__Exercise__:
Each line in the material below, starting at the one that contains "妹妹被妹夫刺中腹部, 哥哥为保护妹妹用铁锹拍死妹夫, 被判刑3年" and ending at the one that contains "Western Blot - Anti-CD5", should be repeated exactly; the pictures should not.

__Records shown__:
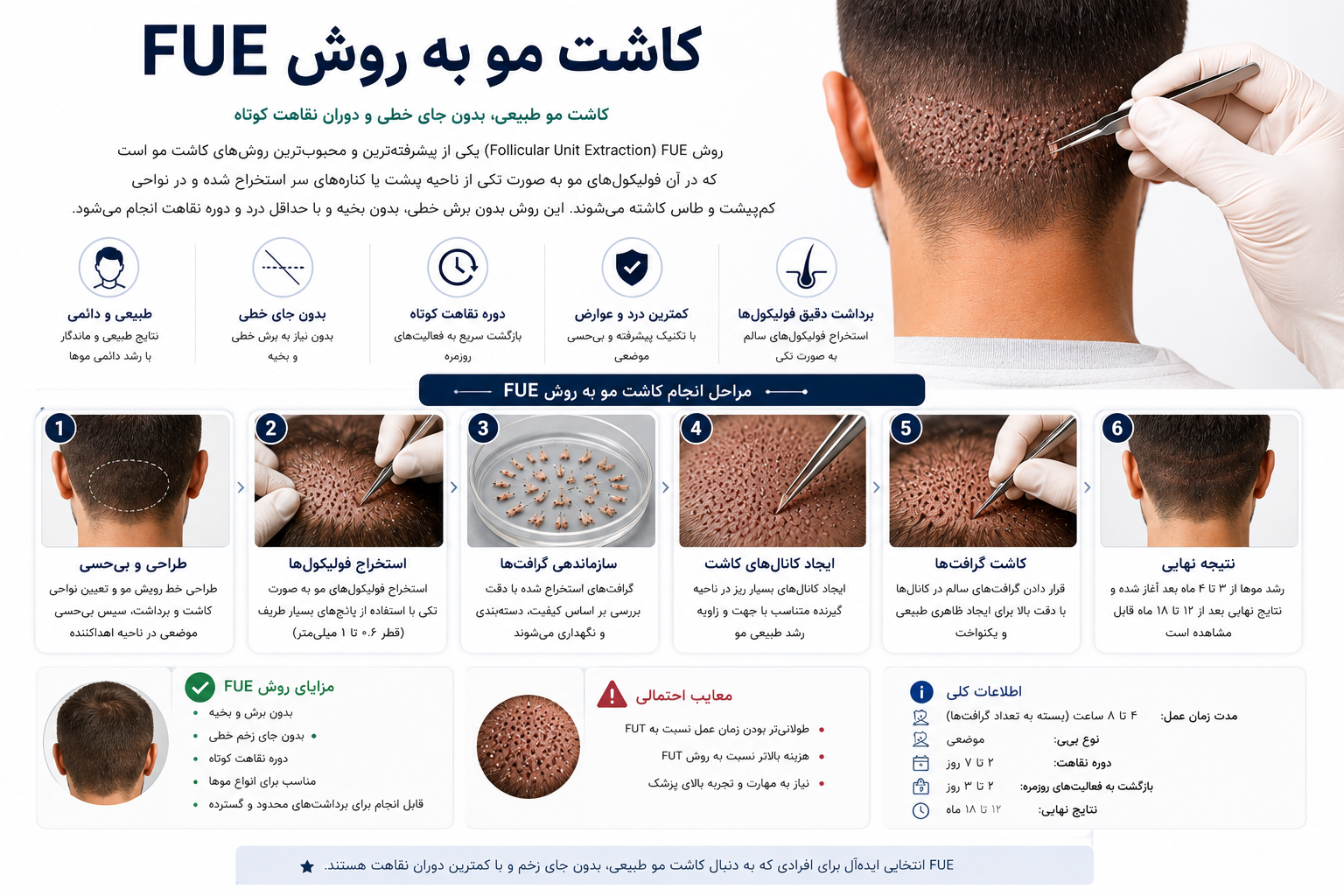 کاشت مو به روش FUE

* * *

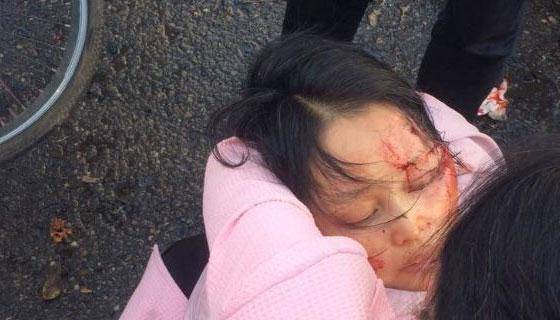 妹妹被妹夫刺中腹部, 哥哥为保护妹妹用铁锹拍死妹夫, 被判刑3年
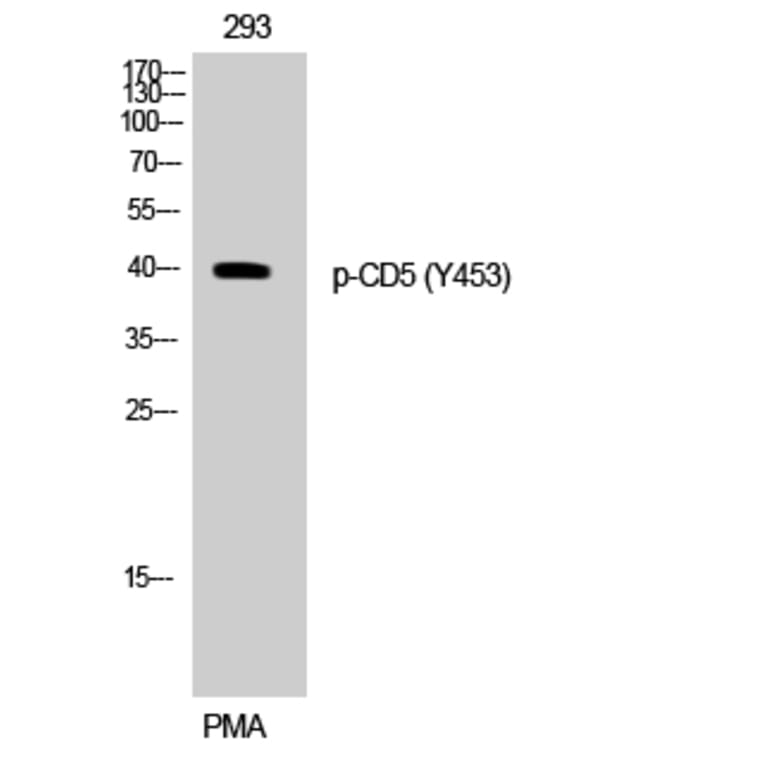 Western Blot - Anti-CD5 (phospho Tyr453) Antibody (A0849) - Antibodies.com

__Exercise result__:
 妹妹被妹夫刺中腹部, 哥哥为保护妹妹用铁锹拍死妹夫, 被判刑3年
 Western Blot - Anti-CD5 (phospho Tyr453) Antibody (A0849) - Antibodies.com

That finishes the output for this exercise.